Cricricrikets commented 2 months ago

Yes, I'm also interesting in this!

Said-Apollo commented 2 months ago

When creating a knowledge base, there is the option to activate "Layout Analysis". Since this uses a visual language model (in cases of images or if not enough text was contained in a chunk), maybe this might work for russian language (although its definitely improvable) image

Maybe you could try to change the "threshold" when the Visual Model should be used to interpret the text.

netandreus commented 2 months ago

@Said-Apollo I tried to do it, but it removed almost all the spaces in the text.

Here is test document in Russian: dogovor_oferta.pdf

And here are parsing results:

Screenshot 2024-08-19 at 15 46 27
Said-Apollo commented 2 months ago

@Said-Apollo I tried to do it, but it removed almost all the spaces in the text.

Here is test document in Russian: dogovor_oferta.pdf

And here are parsing results: Screenshot 2024-08-19 at 15 46 27

When inputting the pdf to my knowledge base, it only gives me a single chunk with a few words. However, after converting the pdf to a docx file, it gave me around 18 chunks image

Now looking closer at the result, they look somewhat correct to me (although Im not a russian expert).

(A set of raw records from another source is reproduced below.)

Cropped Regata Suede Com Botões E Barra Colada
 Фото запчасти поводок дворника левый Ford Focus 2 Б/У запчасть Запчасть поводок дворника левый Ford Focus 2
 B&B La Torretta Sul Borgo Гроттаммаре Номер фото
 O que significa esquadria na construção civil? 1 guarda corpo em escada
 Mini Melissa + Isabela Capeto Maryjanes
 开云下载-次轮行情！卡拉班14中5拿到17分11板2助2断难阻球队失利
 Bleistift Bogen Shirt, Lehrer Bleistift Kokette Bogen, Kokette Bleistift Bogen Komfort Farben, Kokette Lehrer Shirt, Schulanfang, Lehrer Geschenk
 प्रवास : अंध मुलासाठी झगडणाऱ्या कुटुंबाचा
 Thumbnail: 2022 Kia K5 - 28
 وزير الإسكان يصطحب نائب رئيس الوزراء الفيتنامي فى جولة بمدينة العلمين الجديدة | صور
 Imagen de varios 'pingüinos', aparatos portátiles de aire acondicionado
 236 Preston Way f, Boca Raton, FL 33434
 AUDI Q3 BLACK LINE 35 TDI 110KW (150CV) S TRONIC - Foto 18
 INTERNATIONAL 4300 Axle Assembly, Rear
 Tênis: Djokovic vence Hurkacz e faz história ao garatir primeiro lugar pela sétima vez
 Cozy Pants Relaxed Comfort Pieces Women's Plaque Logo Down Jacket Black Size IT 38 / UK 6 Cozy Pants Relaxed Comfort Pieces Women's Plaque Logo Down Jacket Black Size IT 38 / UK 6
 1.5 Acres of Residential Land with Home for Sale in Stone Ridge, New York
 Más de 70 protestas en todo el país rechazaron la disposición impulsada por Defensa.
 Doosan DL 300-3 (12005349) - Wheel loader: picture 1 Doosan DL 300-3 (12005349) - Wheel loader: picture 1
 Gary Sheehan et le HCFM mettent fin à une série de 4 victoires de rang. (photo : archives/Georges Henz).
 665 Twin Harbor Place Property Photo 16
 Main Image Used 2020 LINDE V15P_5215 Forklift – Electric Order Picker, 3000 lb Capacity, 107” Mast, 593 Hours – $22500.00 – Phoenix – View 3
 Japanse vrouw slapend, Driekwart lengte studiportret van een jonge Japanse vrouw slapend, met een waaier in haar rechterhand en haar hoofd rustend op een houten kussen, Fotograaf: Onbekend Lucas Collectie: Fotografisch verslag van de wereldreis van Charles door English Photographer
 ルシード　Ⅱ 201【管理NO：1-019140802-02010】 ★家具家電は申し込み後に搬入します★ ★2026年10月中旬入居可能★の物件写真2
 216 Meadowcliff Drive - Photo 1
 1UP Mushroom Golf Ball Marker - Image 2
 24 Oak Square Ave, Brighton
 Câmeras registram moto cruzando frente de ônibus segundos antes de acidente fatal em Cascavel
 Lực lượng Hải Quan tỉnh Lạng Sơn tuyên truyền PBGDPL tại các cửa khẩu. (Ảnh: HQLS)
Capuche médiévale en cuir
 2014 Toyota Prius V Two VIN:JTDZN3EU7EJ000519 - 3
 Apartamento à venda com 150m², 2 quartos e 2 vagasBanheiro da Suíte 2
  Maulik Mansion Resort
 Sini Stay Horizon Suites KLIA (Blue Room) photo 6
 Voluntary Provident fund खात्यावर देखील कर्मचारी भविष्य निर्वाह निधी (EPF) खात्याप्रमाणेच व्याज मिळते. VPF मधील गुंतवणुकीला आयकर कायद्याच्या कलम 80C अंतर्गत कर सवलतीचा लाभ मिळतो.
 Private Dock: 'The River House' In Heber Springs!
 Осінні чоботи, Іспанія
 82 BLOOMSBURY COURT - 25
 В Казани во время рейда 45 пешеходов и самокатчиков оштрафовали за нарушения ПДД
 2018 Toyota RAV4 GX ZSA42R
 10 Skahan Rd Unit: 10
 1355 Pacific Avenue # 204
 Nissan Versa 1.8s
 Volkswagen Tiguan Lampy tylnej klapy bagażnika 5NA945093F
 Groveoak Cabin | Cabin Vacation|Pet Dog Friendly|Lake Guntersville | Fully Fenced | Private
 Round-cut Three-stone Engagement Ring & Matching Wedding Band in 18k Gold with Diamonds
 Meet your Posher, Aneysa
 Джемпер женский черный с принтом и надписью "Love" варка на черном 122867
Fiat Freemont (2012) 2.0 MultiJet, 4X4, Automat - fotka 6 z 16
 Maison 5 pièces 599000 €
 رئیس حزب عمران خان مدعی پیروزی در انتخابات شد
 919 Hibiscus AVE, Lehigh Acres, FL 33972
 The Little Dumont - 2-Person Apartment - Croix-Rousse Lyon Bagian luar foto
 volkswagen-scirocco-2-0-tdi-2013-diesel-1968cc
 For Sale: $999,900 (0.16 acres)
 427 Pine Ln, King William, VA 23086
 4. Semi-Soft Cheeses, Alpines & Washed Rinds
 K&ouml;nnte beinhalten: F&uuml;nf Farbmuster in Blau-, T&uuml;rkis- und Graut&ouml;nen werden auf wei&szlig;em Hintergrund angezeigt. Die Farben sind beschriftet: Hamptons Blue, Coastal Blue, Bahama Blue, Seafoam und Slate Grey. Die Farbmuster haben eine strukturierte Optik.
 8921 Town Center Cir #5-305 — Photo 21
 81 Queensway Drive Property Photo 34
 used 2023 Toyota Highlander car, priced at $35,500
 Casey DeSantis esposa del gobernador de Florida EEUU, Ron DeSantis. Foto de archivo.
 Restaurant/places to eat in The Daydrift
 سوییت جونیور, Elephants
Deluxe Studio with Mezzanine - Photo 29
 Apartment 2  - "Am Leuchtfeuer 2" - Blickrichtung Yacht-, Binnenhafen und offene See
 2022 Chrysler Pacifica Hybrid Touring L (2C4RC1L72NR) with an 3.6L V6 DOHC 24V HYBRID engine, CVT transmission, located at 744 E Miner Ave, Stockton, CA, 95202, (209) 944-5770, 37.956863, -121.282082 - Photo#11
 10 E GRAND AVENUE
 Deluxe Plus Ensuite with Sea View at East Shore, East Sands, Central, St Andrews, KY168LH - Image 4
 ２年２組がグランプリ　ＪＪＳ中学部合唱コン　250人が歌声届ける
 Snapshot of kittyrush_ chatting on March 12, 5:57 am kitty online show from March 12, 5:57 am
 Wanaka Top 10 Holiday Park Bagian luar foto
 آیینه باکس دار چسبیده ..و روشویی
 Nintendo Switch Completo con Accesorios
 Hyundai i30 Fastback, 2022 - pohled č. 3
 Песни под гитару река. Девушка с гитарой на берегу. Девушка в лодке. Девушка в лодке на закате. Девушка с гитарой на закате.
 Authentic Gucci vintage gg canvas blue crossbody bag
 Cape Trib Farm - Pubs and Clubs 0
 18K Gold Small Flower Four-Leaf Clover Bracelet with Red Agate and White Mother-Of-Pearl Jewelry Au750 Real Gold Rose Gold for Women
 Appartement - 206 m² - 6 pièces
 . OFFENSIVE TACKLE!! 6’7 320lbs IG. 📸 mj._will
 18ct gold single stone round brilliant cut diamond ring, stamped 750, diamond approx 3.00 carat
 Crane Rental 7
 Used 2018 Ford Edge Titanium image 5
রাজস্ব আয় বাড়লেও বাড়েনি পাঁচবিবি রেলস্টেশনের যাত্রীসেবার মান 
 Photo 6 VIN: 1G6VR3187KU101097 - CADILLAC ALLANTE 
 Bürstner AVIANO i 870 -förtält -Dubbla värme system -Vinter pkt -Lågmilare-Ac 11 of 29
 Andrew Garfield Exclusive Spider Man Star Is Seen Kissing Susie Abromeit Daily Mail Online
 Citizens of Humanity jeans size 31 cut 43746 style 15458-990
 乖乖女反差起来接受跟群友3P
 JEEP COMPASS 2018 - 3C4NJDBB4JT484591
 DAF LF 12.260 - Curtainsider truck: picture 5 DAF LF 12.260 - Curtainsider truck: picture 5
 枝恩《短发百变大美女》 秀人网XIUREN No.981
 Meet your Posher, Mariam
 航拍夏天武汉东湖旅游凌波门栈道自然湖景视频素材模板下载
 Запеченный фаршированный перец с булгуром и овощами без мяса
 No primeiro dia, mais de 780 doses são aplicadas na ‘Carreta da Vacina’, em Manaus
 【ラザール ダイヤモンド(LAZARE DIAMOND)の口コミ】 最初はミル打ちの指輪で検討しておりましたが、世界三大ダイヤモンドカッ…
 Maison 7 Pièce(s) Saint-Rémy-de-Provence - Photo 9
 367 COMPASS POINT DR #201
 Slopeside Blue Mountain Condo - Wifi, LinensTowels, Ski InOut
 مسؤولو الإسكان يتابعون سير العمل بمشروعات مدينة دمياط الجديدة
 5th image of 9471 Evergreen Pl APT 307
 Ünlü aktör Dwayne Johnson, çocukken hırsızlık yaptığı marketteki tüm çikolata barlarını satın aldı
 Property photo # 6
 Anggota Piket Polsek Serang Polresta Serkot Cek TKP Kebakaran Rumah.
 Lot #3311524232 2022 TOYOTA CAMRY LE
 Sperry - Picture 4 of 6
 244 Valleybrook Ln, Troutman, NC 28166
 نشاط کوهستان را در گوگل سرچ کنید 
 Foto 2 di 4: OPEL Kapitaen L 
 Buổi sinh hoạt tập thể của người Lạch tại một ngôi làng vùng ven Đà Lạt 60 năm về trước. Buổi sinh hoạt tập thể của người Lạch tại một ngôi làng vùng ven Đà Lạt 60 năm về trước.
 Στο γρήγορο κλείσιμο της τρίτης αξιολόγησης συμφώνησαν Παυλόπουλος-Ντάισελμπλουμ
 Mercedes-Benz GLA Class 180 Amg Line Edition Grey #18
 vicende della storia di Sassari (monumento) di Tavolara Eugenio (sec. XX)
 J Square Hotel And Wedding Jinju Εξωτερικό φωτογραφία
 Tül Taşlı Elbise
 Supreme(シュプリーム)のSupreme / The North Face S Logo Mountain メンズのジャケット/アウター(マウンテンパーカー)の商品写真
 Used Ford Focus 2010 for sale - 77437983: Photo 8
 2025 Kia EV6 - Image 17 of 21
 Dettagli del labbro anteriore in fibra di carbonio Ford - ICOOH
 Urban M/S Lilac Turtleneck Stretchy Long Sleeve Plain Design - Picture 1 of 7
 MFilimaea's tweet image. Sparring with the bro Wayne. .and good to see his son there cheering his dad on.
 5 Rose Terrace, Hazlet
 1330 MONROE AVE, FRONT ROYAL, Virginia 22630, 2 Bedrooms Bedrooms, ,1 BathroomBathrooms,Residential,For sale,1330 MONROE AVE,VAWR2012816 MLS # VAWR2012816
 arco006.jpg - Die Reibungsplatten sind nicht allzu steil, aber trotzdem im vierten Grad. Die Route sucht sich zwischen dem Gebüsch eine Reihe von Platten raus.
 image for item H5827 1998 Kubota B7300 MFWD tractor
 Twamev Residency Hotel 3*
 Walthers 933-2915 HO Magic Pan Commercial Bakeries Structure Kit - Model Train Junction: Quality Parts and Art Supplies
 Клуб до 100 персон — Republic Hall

However, unfortunately the file is not shown next to it. I guess this is not supported for docx files yet. image Maybe you could try this workaround until russian is also supported? In case you have lots of pdfs and are on linux, I would therefore recommend simply this command in terminal:

lowriter --convert-to docx *.pdf

Hyperb0t commented 1 month ago

I made a quick and dirty spaces problem fix for only Russian language. Deepdoc component and especially its pdf_parser class now do not remove spaces in RU text. Fix was merged in v 0.11 and is in the demo already.

You can observe it if you turn off layout recognition and parse the example "dogovor_oferta.pdf" or any other Russian PDF document.

turn-off-layot-recog spaces

Unfortunately, it still removes spaces if leave layout recognition turned on. I think it happens while returning stored text chunks from the backed via REST API and not while parsing. I am going to also resolve this problem. Probably by changing rmSpace function.

Hyperb0t commented 1 month ago

There are a lot of places in the project (link1, link2), where string is processed in different ways depending on if it matches [0-9a-zA-Z...] regex for english language or not. One of these differences in string processing is space symbol removal. If the string is considered english by regex, spaces are not removed, otherwise removed.

If we want multiple languages support, this logic should be changed. Because matching the [0-9a-zA-Z...] regex is not the only case, where spaces should be kept and not removed. There are other non-latin languages or groups of languages with other alphabets and writing systems, where spaces are needed:

My proposal is to replace [0-9a-zA-Z...] regex with something like "should_remove_spaces(str)" function and use it in rmSpace(str) function. By my knowledge spaces should only be removed in Chinese and Japanese languages.

I can add and use fasttext-langdetect dependency for that. If the language is not recognized as Chinese or Japanese, spaces should not be removed. This python library (fasttext-langdetect) can also be useful in future for other multi-lingual tasks.